Task:
Give the records again exactly as written. Leave out the pictures.

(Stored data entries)
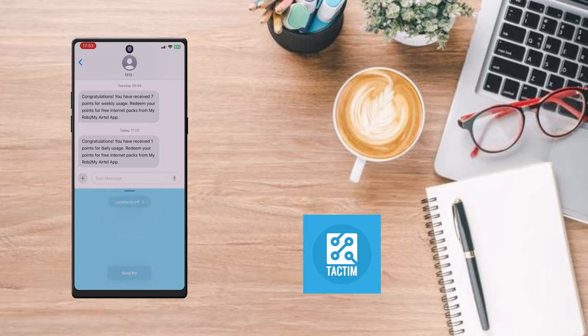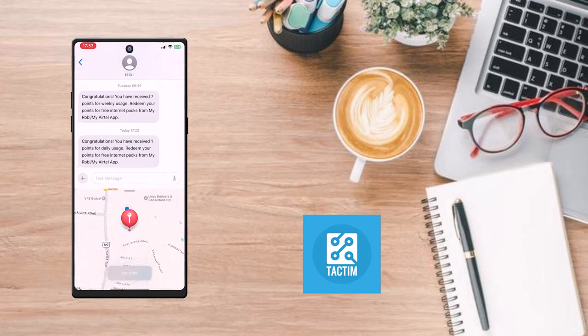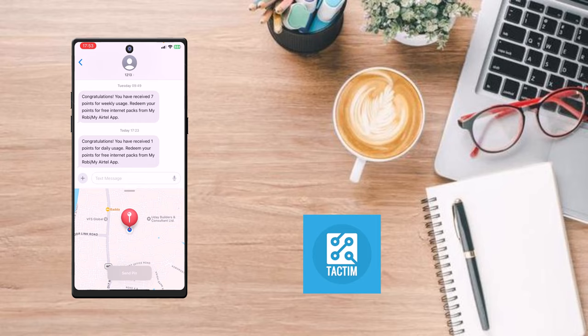Then you have to click on 'Allow Once' or 'Allow While Using This App' — I'm clicking 'Allow Once'. Now you have to put in your location and click on 'Send Pin' — the gray option, Send Pin.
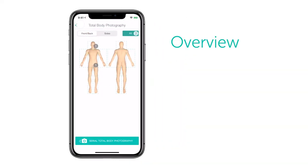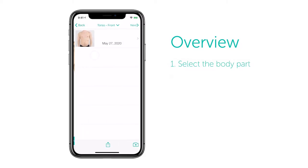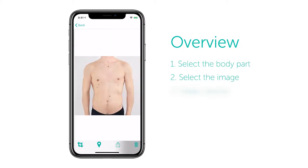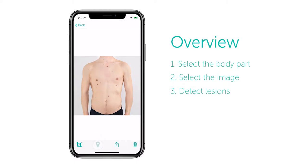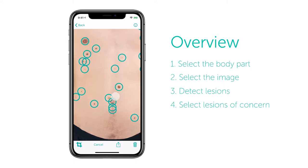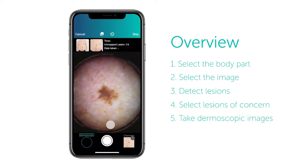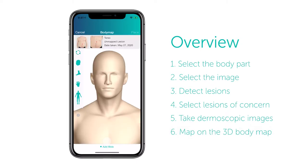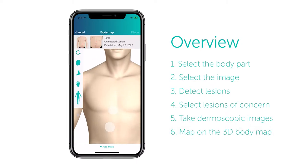Let's run through this process one more time. Step one: select the body part. Step two: select the image. Step three: detect lesions. Step four: select lesions of concern. Step five: take dermoscopic images. Step six: map to 3D body map.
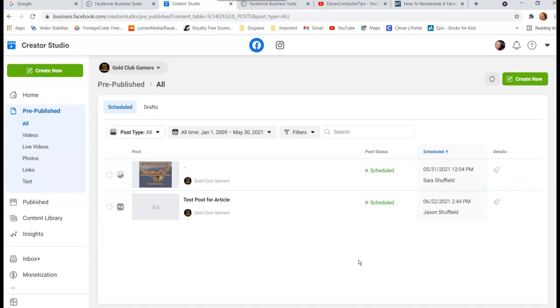So it's very nice to have that ability to reschedule your posts. If you have them all scheduled out, then you can go in and go, oh I want to move that one. So that's how you do it - how you reschedule posts in your Facebook page.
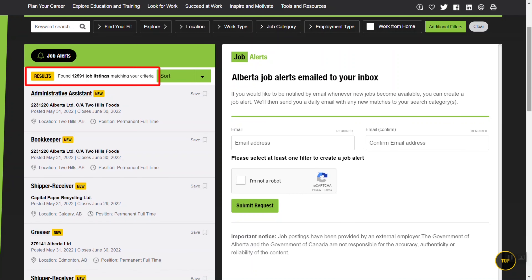Notice the results line. The number of job postings will change based on the filters you use. Let's go through the filters one by one.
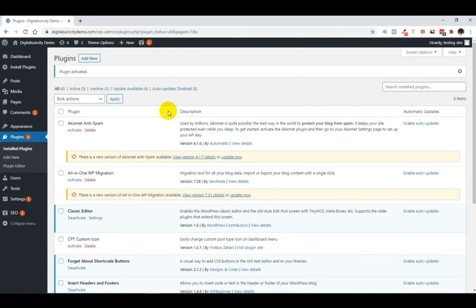And in this video, you will learn how to fix the custom fields not showing in WordPress. By watching this video, you will be able to show custom fields in your blog pages, posts, and other post types.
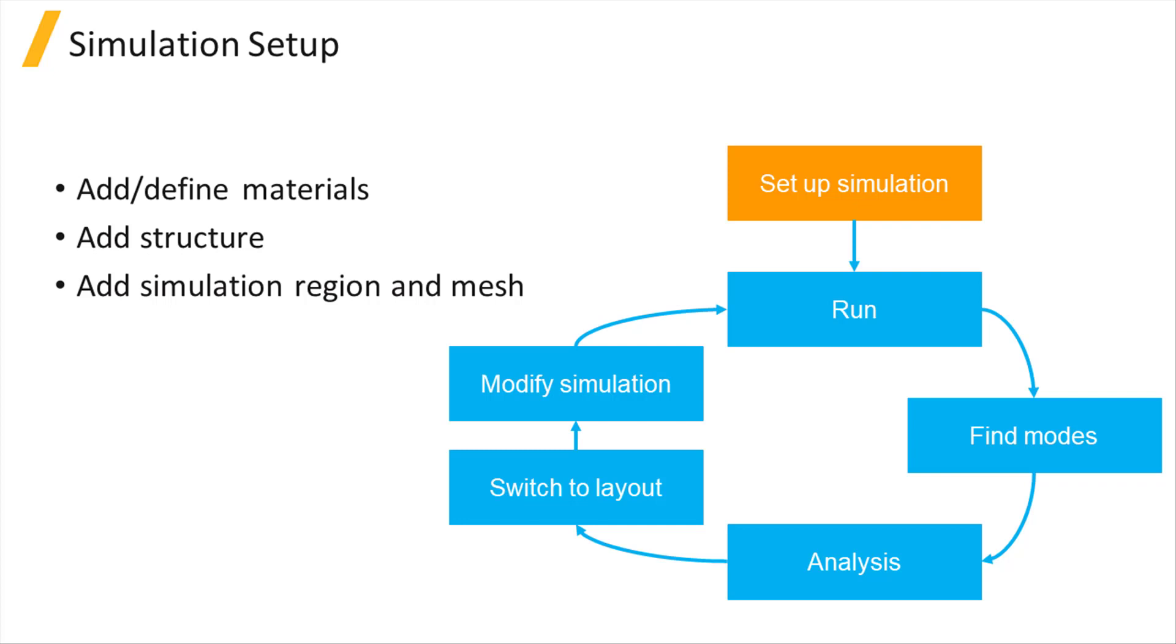When using the FDE solver, the first step in the standard workflow is to set up the simulation. This includes creating the materials needed in the simulation if the material data isn't already available from the default material database. Once the materials are defined,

Solution:
Then you have to click on 'Allow Once' or 'Allow While Using This App' — I'm clicking 'Allow Once'. Now you have to put in your location and click on 'Send Pin' — the gray option, Send Pin.
Let's run through this process one more time. Step one: select the body part. Step two: select the image. Step three: detect lesions. Step four: select lesions of concern. Step five: take dermoscopic images. Step six: map to 3D body map.
So it's very nice to have that ability to reschedule your posts. If you have them all scheduled out, then you can go in and go, oh I want to move that one. So that's how you do it - how you reschedule posts in your Facebook page.
Notice the results line. The number of job postings will change based on the filters you use. Let's go through the filters one by one.
And in this video, you will learn how to fix the custom fields not showing in WordPress. By watching this video, you will be able to show custom fields in your blog pages, posts, and other post types.
When using the FDE solver, the first step in the standard workflow is to set up the simulation. This includes creating the materials needed in the simulation if the material data isn't already available from the default material database. Once the materials are defined,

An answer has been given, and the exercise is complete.